January 15, 2015 | 3 min read

For The Drum’s inaugural Design newsletter we take a look at the latest work and news to emerge from Cosmopolitan, NASA, Carlsberg UK-owned brand Tetley’s and Department for Culture, Sport and Media.

Cosmopolitan

For its February issue Hearst-owned magazine Cosmopolitan teamed with women’s charity Karma Nirvana and charged Leo Burnett Change with designing a provocative cover to raise awareness of honour killings, forced marriage and violence.

The design features an image of a woman and is covered with a plastic seal to symbolize suffocation and oppression of women. A short online video showing the cover being ripped open accompanies the cover.

NASA

NASA this week drew inspiration from travel billboards of the 20s, 30s and 40s, for a series of posters imagining the 'out of this world' holiday options they may one day offer.

The images capture the art deco style of the billboards, using bold colours and sleek, angular lettering and pictures, to mark the discovery of potentially habitable worlds by its Kepler space observatory

Joby Harris, who served as the lead artist on the project, along with visual strategists David Delgado and Dan Goods told CNN: "People gravitate toward those old posters. They hang them on their walls even today and you want to go there. They're a celebration of place.”

Tetley's

Carlsberg UK-owned beer brand Tetley’s has partnered with Leeds-based centre for contemporary art, The Tetley, to offer artists the chance to compete for a new creative commission, which will be rolled out at point of sale nationwide across selected pubs.

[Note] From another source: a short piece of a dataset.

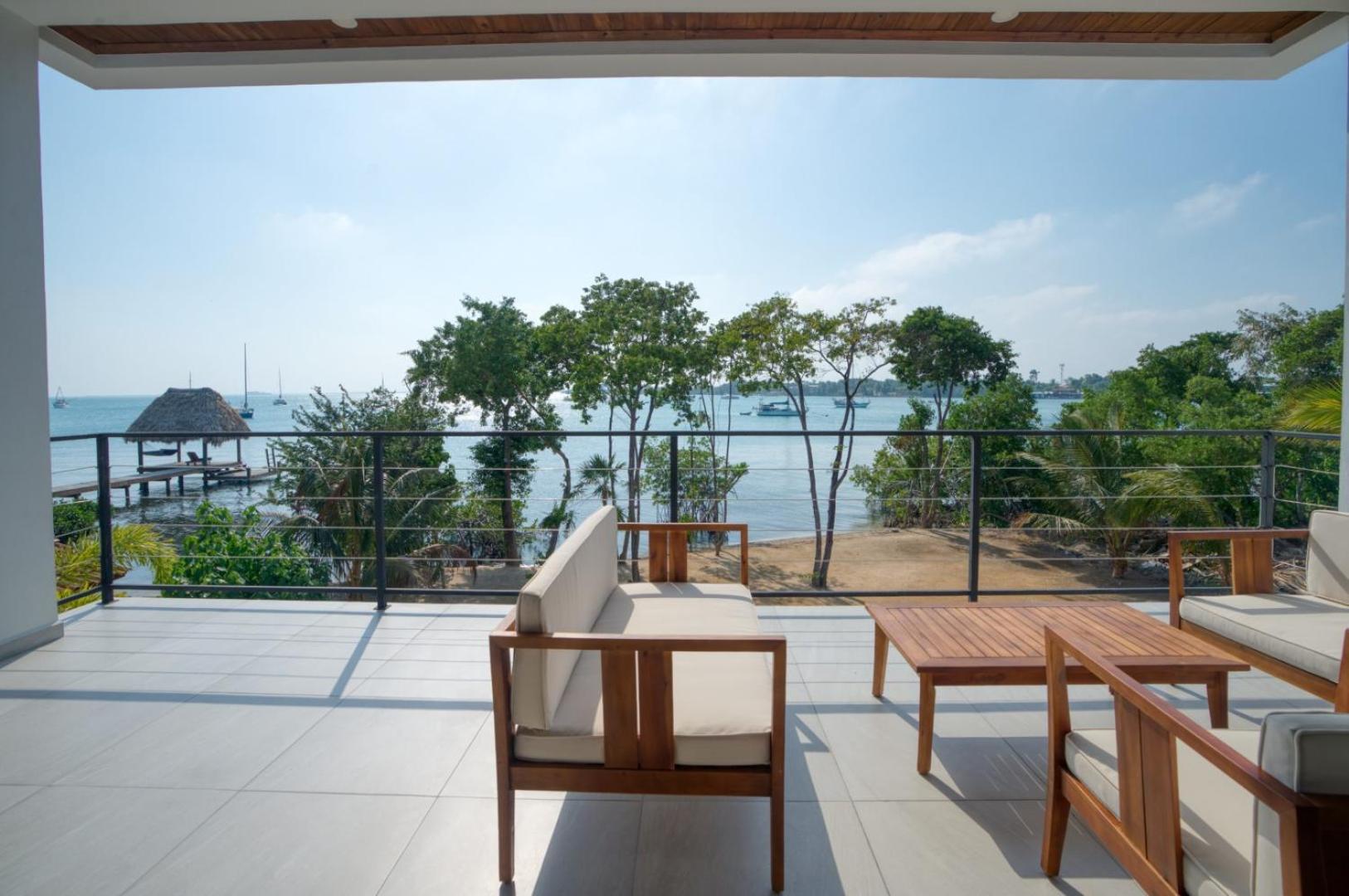 Island Breeze Villa - 5 Bedroom Private Island Villa w Pool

The 2015 Tetley’s Collection will see artists invited to respond to Tetley’s archive of materials from the brewery’s industrial past. Concepts from 10 entrants will then be exhibited from March to May 2015 at The Tetley with one to be selected by a panel of judges comprising experts from the worlds of art and brewing.

Department for Culture, Sport and Media

There was good news this week from the Department for Culture, Sport and Media which revealed that the UK creative industries, including film, TV and music, are now worth £76.9bn per year to the economy.

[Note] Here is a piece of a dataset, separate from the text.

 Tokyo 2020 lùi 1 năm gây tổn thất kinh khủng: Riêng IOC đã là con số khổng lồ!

The contribution, which equates to £8.8m per hour, is at an all-time high having grown almost 10 per cent from 2013, three times that of the wider UK economy.

Sajid Javid, secretary of state for Culture, Media and Sport, said: "They [the creative industries] are one of our most powerful tools in driving growth, outperforming all other sectors of industry and their contribution to the UK economy is evident to all.”